Dagmar se echó a llorar y Laura miró a su alrededor claramente nerviosa. No quería que Sigvard las oyera y apareciera en el recibidor para ver qué pasaba. No podía permitir que viera a su madre allí.

—¡Chist! Te daré el dinero. Pero baja la voz, por Dios bendito. —Le dio un fajo de billetes—. ¡Toma! Esto debería bastar para un billete a Alemania.

—Vaya, ¡gracias! —Dagmar se abalanzó y agarró al mismo tiempo la mano de Laura y el dinero. Le besó las manos a su hija, que las apartó asqueada y se las limpió en la falda.

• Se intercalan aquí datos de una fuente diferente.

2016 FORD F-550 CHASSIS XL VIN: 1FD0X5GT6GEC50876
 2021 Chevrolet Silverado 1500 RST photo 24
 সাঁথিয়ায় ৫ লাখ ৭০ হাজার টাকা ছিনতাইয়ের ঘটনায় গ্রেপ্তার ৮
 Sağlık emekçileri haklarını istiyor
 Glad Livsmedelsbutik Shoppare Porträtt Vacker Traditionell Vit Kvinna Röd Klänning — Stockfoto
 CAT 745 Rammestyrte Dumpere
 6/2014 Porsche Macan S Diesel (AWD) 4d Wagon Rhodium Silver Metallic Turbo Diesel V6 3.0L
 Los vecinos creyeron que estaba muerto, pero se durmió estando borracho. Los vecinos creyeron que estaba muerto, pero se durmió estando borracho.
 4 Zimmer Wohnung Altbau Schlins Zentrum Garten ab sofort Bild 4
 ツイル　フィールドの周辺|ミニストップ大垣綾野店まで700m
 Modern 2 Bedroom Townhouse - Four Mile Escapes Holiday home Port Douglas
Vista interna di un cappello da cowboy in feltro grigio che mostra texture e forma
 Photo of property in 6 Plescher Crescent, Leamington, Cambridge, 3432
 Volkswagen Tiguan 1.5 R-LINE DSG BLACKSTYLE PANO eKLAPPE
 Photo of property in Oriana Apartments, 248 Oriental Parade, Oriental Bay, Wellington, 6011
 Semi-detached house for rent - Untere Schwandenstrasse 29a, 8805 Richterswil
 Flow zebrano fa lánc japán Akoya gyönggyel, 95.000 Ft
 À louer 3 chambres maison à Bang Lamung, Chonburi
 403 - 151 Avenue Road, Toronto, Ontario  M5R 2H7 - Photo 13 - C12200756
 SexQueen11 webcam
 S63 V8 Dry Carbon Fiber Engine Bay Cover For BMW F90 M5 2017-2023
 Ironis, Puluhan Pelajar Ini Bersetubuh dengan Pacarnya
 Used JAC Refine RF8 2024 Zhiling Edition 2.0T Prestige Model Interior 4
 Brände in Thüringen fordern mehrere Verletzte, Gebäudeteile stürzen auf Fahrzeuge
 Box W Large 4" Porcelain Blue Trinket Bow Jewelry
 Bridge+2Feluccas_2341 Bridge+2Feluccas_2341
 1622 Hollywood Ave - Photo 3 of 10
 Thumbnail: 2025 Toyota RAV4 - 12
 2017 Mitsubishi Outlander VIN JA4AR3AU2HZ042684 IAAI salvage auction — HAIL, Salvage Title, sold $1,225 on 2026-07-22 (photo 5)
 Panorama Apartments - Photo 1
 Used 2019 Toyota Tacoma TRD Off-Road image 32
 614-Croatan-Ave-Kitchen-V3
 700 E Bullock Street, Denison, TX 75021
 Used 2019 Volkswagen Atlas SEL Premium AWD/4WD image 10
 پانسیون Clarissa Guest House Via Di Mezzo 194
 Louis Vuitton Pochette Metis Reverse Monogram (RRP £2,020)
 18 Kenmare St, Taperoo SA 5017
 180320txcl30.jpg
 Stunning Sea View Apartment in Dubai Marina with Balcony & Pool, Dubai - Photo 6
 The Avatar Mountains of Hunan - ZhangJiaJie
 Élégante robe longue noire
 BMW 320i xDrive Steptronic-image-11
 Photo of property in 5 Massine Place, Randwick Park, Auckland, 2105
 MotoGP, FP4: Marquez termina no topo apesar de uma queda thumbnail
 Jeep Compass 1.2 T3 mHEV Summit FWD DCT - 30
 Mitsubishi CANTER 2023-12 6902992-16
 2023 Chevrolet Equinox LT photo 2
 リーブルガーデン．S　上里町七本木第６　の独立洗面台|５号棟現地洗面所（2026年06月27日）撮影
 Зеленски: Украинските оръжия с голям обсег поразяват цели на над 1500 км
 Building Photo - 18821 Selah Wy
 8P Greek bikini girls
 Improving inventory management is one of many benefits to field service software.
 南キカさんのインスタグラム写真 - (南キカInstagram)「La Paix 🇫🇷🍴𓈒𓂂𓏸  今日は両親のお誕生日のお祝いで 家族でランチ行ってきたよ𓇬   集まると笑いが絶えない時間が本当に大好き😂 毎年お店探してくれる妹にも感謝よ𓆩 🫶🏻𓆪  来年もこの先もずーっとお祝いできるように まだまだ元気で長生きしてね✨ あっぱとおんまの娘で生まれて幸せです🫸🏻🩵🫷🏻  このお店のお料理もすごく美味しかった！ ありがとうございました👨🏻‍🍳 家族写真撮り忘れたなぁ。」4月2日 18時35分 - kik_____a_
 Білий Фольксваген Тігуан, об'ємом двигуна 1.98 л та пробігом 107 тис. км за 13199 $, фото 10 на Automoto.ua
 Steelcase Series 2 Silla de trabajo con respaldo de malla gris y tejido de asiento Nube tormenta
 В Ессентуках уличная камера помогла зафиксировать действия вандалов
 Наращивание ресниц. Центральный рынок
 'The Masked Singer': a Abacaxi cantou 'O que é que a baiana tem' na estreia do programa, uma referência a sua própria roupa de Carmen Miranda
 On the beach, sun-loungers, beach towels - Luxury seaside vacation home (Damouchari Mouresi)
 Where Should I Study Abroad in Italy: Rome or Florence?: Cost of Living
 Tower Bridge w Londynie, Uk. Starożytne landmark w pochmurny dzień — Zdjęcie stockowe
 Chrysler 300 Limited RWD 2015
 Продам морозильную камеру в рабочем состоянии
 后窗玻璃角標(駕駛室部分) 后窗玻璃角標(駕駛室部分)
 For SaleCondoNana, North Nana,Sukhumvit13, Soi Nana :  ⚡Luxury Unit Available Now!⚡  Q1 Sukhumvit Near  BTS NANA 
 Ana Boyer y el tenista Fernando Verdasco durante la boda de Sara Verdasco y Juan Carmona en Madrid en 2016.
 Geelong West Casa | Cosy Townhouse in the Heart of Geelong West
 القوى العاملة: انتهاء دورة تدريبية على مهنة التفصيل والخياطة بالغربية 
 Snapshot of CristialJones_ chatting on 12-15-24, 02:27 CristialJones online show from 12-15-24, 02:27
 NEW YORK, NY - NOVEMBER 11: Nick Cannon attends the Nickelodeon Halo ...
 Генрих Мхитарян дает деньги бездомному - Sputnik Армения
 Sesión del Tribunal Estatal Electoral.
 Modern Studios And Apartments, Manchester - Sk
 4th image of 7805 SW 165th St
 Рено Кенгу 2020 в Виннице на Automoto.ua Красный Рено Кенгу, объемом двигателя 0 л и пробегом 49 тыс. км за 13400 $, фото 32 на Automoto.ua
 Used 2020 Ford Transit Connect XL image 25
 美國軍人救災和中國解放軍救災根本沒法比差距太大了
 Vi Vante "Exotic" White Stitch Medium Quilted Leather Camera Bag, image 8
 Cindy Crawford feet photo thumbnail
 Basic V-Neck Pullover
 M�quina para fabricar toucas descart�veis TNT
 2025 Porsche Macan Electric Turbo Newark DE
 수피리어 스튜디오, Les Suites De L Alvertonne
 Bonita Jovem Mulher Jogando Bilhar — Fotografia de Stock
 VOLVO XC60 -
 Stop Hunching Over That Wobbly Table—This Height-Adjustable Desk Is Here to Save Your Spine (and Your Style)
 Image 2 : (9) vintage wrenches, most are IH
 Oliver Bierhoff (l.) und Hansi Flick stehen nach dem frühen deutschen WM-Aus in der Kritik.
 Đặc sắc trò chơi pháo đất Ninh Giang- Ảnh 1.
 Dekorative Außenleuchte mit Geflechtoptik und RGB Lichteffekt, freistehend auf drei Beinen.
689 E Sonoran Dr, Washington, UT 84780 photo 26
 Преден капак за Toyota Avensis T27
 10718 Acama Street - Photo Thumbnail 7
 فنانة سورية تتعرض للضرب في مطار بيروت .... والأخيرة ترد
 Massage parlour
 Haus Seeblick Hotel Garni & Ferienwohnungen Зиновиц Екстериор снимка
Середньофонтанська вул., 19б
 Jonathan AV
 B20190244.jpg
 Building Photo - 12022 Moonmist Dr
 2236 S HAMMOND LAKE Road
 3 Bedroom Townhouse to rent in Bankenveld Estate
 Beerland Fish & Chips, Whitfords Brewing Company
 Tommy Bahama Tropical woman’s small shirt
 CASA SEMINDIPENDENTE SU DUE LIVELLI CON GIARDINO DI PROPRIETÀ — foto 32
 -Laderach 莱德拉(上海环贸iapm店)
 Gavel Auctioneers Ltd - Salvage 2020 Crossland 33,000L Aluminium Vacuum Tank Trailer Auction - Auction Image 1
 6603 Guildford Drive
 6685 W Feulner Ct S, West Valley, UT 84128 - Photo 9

—Ya puedes irte —dijo. Lo único que quería era sacar a su madre de su casa y de su vida, para que fuera perfecta otra vez. Cuando Dagmar se fue con el dinero, se desplomó aliviada en una silla de la entrada.

Ya habían pasado unos años y, seguramente, su madre no seguiría con vida. Dudaba de que hubiera llegado muy lejos con aquel dinero, sobre todo en el caos que reinaba después de la guerra. Además, si había ido delirando con aquella historia de que iba a despedirse de Hermann Göring, la habrían tomado por la loca que era y la habrían detenido en algún punto del trayecto. Uno no podía decir en voz alta que había conocido personalmente a Göring. Sus crímenes no eran menos solo porque se hubiera suicidado en la cárcel un año después de terminada la guerra. A Laura le entraban escalofríos al pensar que su madre había seguido contando en el pueblo que Göring era el padre de su hija. Ya no era nada de lo que presumir. Solo recordaba vagamente la visita a su mujer en Estocolmo, pero tenía muy presente la vergüenza, la mirada de Carin Göring. Llena de compasión y calidez, y seguramente fue por Laura por lo que no llamó pidiendo ayuda, a pesar de que estaría aterrada.

En cualquier caso, todo aquello había quedado atrás. Su madre había desaparecido del mapa y ya nadie hablaba de sus locas fantasías. Y gracias a Nanna, ella podía seguir con la vida a la que estaba acostumbrada. El orden se había restablecido y todo era perfecto. Ni más ni menos, como tenía que ser.